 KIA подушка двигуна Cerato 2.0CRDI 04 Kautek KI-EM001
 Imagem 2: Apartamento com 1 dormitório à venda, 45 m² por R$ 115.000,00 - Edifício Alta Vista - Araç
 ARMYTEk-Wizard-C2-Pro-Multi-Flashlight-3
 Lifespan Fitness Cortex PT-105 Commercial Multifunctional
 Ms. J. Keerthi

---

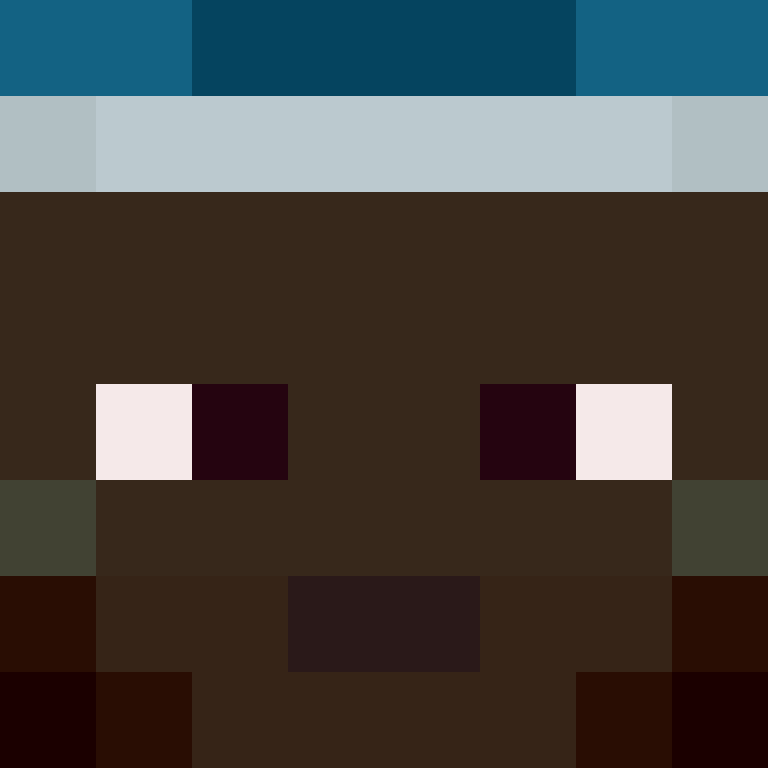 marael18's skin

- _What this task involves_
Starting at the line above that contains "KIA подушка двигуна", repeat each line exactly up to and including the line that contains "Ms. J. Keerthi", and stop there.

- _Solution to this task_
 KIA подушка двигуна Cerato 2.0CRDI 04 Kautek KI-EM001
 Imagem 2: Apartamento com 1 dormitório à venda, 45 m² por R$ 115.000,00 - Edifício Alta Vista - Araç
 ARMYTEk-Wizard-C2-Pro-Multi-Flashlight-3
 Lifespan Fitness Cortex PT-105 Commercial Multifunctional
 Ms. J. Keerthi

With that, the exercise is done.